This is a two-second shot in THUNDERBIRD which has nothing much to do with the plot. Photo courtesy of Cinequest.
In the unremarkable Canadian mystery Thunderbird, a city detective visits a backwoods hamlet to unspool a mystery involving damaged young adults from a local tragic family. Thunderbird has the feel of a typical TV whodunit procedural with a trippy supernatural angle slapped on.
If you’ve ever watched a TV or movie drama, you will have already heard every line of dialogue in Thunderbird.
There’s also an insufferable dose of noble indigenous spiritualism.
I thought I was watching an especially insipid ending, but then was surprised with the real ending, even more insipid.
TWELVE DAYS OF CHRISTMAS. Photo courtesy of Cinequest.
In the comedy Twelve Days of Christmas, high school friends reunite when they’re home for their first college Christmas break. They all get down to some serious partying, but two of them must deal with a serious issue.
These characters act like they are refugees from some mythical colleges that are devoid of booze and drugs. The partying is so purposeful, it brought to my mind the Joe Ely song Everybody Got Hammered. The one blow-out party is very impressive, especially compared to my own first-college-break experience: Round Table pizza, cans of beers and a bottle of rum.

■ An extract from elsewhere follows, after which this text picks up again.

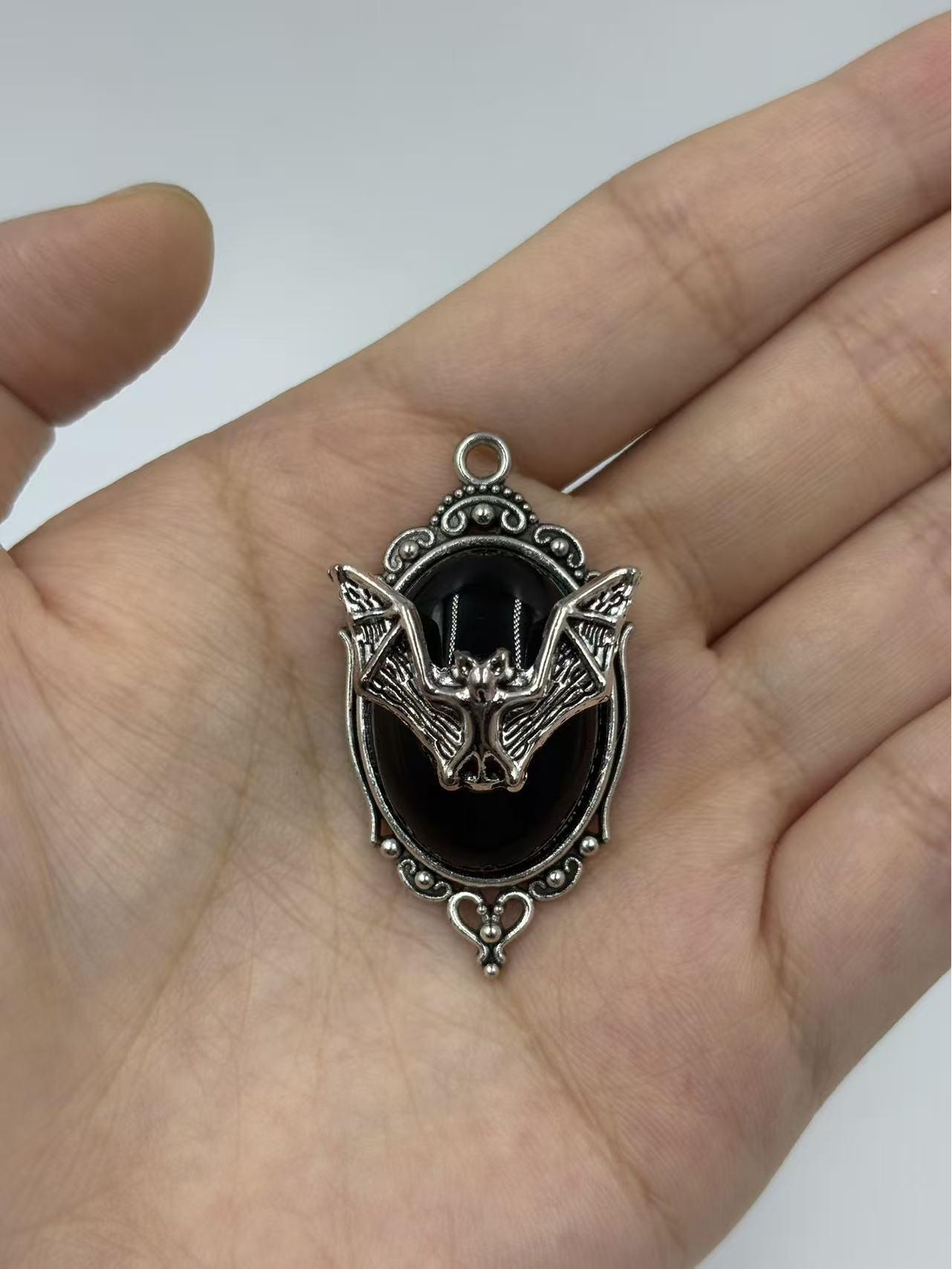 

Готичний Підвіска-Кажан Вампір Античне Срібло - Аксесуар для DIY Прикрас на Хелловін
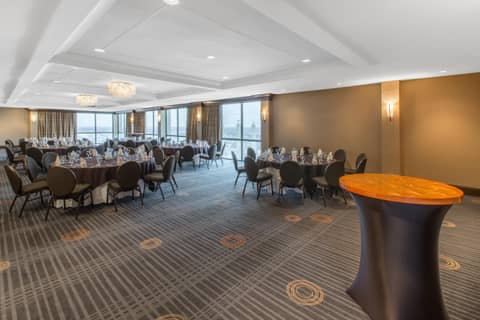 Crowne Plaza Kansas City Downtown by IHG — photo 9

The core of the story is the angst of unrequited love; one character has obviously been in love with his best friend, who hasn’t noticed his yearning for her. And that’s the weakness of Twelve Days of Christmas. Although this guy is fun, witty, loyal and dependable, she knows that he is kinda weak-willed, so it’s evident that she could never see him has a partner.
Most of the cast is very good, although I never got away from being distracted by all the actors seeming at least 4-5 years older than the 19-year-old characters.
Director Michael Boyle and editor Carter Feuerhelm have enough faith in their audience and skill to drop in some split-second gags, all the more effective without lingering on them.
Cinequest hosted the world premiere of Twelve Days of Christmas.
Jake Robinson and Thomas Sadoski in THE MIMIC. Photo courtesy of Cinequest.
In the offbeat and cerebral comedy The Mimic, a widowed screenwriter (Thomas Sadoski) becomes obsessed with his own sociopathic character – and the a person JUST LIKE the character (Jake Robinson) materializes in his life. The two embark on a surreal battle of wits.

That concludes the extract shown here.